I made an important decision last week.
I am getting my tubes tied.
I have long since decided that I am finished having children. I love my two girls. A lot. They are the centre of my world. When I’m being 100% honest with myself, part of me would like to experience the baby stage of life again. Part of me. And the thought is always fleeting. With CBG three hours away, my life situation being what it is and my job situation being what it is, having another child just isn’t in the cards. And I am completely okay with that.
Having said that, I have been on the pill for the last year and a half – and I hate it. I hate having something artificial like that in my body. I hate the side effects and grief that the pill has caused – I’ve tried about 4 different kinds before finally finding something that was a good match for me.
When I met CBG he was talking about getting a vasectomy. I fully supported him in that decision. I know lots of men who’d had them (including my ex), and it was no big deal. CBG was clear from the start that he was finished having children and didn’t want any “accidents”.
Well, folks, that was a year and a half ago…and still, no snip.
Now, in his defense, there are lots of factors going on there that have gotten in the way of him having it done.
And frankly, since I’m on the pill, getting the snip just isn’t on his radar. I mean…come on…he’s a dude. He’s getting his without worry, so what’s the problem, right? I can imagine that most men only go for the snippety-do-dah because they’ve got a wife or girlfriend nagging the crap out of them. I doubt there are many men out there who gladly volunteer to have their ballsack fondled by a dude with a cauterizing tool.
I used to be that wife, the wife who reminded, who nagged, whose life was a little too entwined with her man’s. The thing is – I’m not that girlfriend. It’s not my job to nag CBG to do things, period. We’ve had “the discussion” – more than once – and still I sit here taking the evil pill, suffering the consequences and having every single minute of it.

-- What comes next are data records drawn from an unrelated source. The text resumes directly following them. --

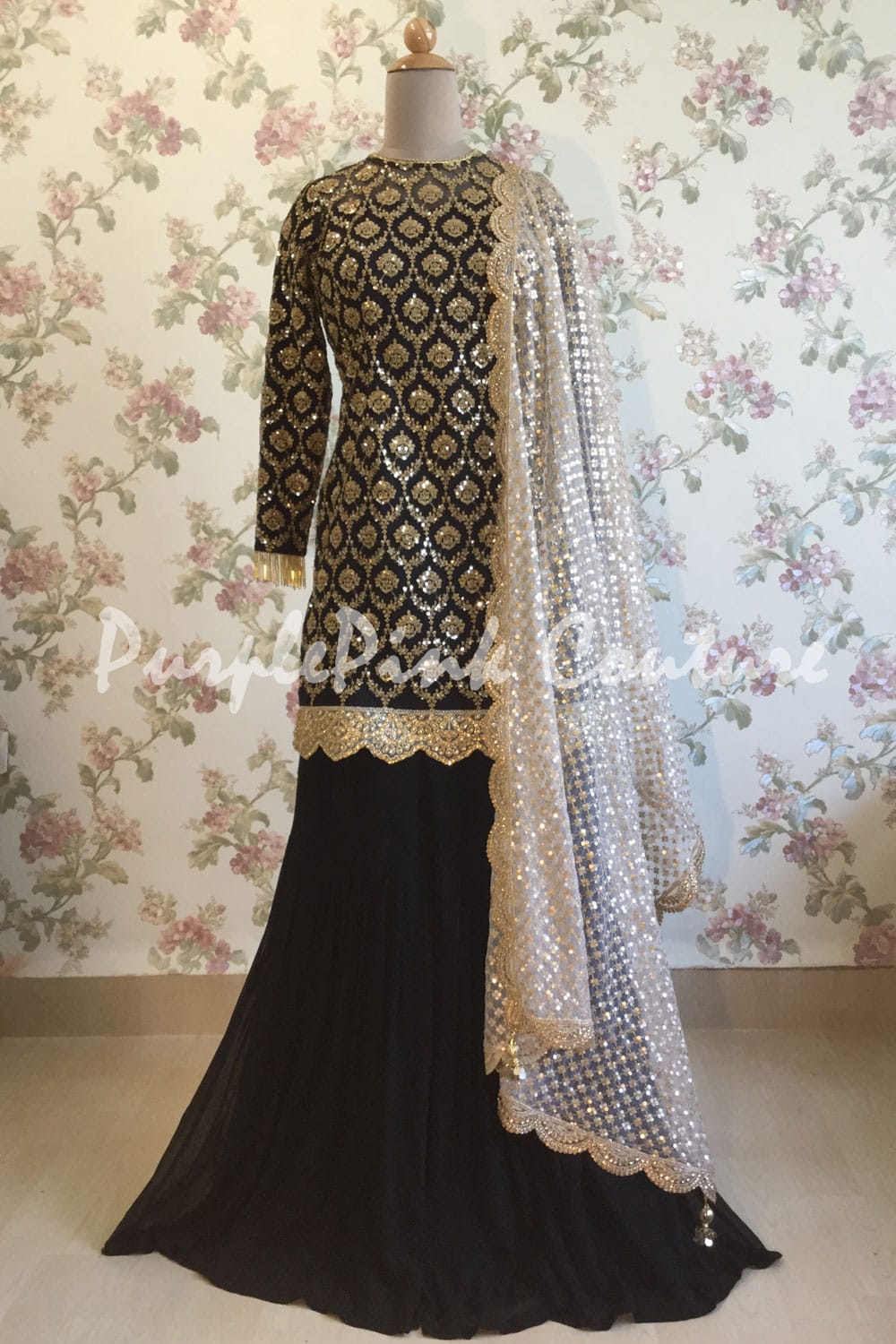 Buy Black Sharara Suit Indian Designer Sharara Kameez Suit Indian Wedding  Wear Ready to Wear Indian Traditional Bridal Dress Partywear, RR-10029  Online in India - Etsy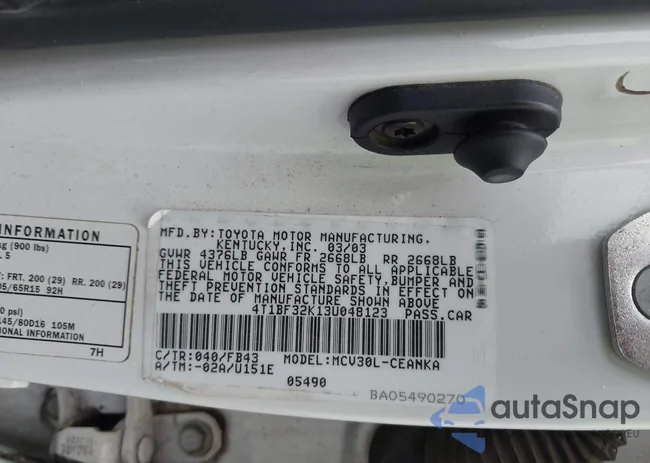 4T1BF32K13U048123: 44166059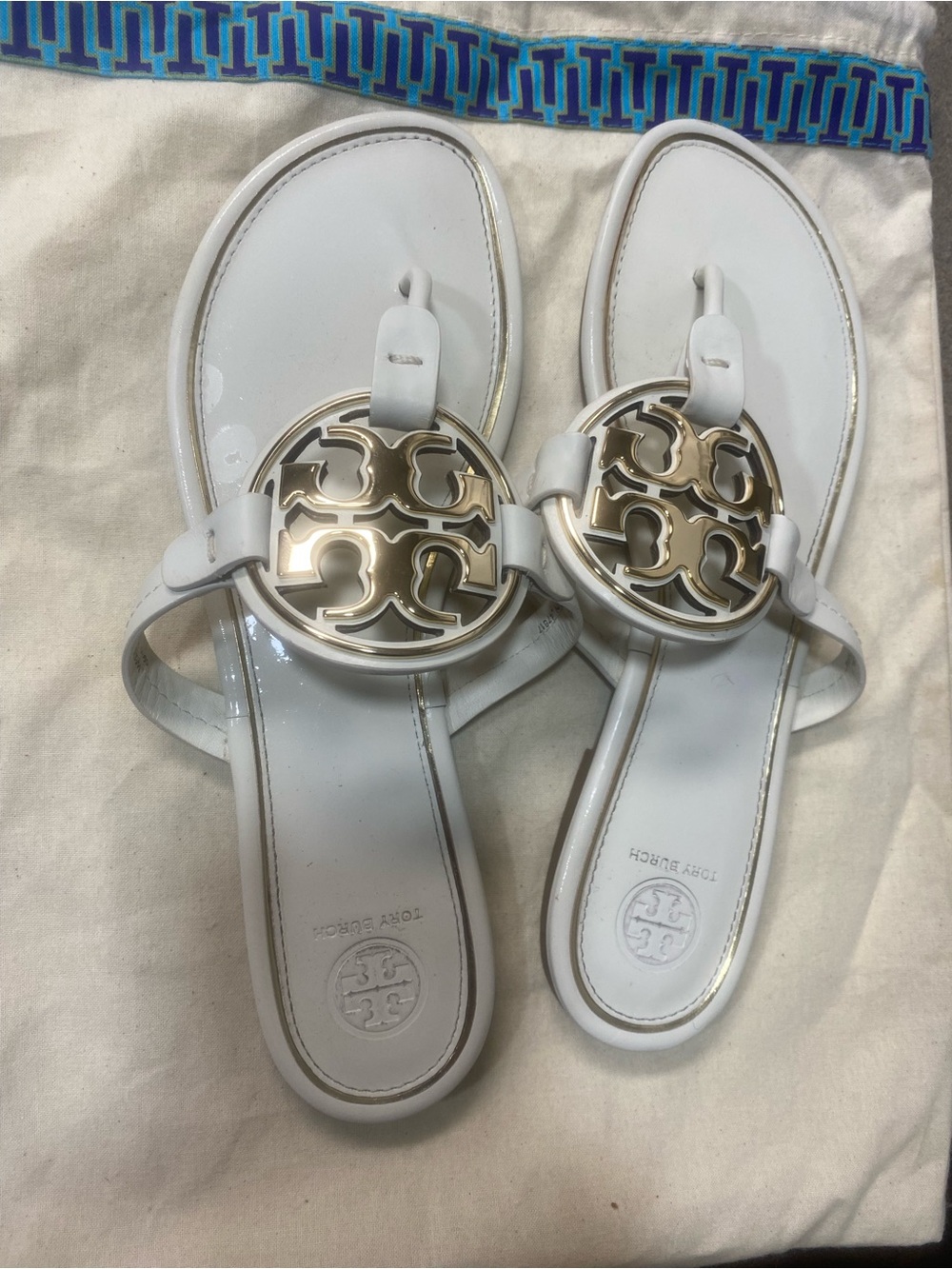 Tory Burch White Patent Leather Sandal with Gold Logo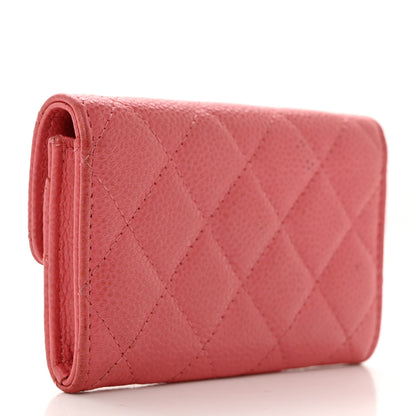 Chanel Caviar Quilted Flap Card Holder Pink 3 of 14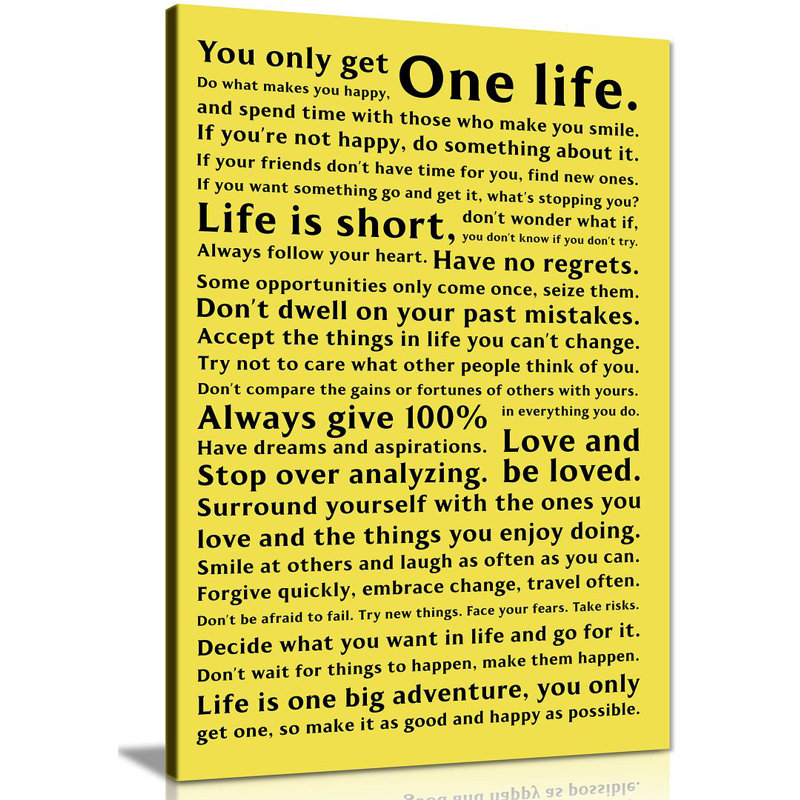 Life Manifesto Quote - Wrapped Canvas Print, 31cm H x 20cm W
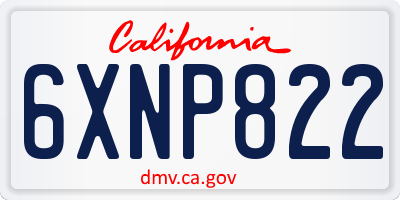 CA license plate 6XNP822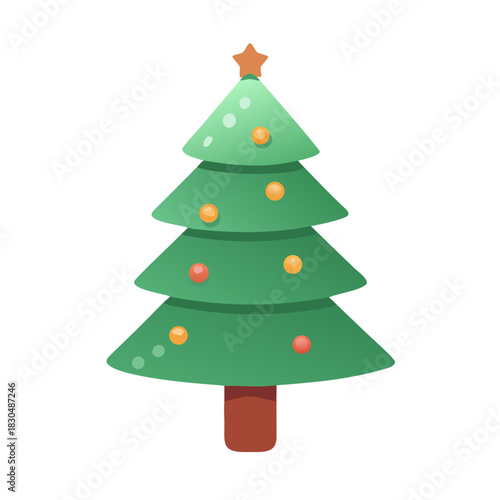 A smooth green Christmas tree icon with festive ornaments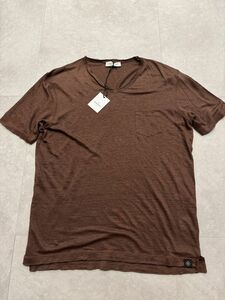 4887】新品3.2万【GRAN SASSO / グランサッソ　50　春夏　麻100％　リネンTシャツ　ヴィンテージ＆ウォッシュ加工】ダークマローネ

And then I realized that I don’t have to leave something this important in the hands of someone else. He’s not the only one who can do something about this. A good friend recently had her tubes tied and in her opinion, it just wasn’t that bad. I’ve done some research on my own, and everything that I read tells me that it’s a fairly simple procedure and I should expect a quick recovery. Hell, I’ve been through a c-section with my first daughter….and after that, well hell, I can do anything.
Last week I had a conversation with my doctor and she sent off a referral. The Canadian health care system can be slow when it comes to things like this, so I will likely end up waiting a while before I actually get it done. But the wheels are in motion and I’m on my way to getting it done. On my own. And that feels really good at this stage of my life. I don’t need someone else to provide me with a solution to this one.
So baby, just so you’re on notice, when you’re the one taking care of me after my procedure I expect extra-special treatment. So if I ask for a foot rub, guess who gets to pony up? And if I want ice-cream, then you’re on tap. You get the idea. And yes, I’m totally going to milk it for all it’s worth, and you’re gonna do it, to show your appreciation for the fact that you’re not laying on the couch with a bag of frozen peas on your junk. heh.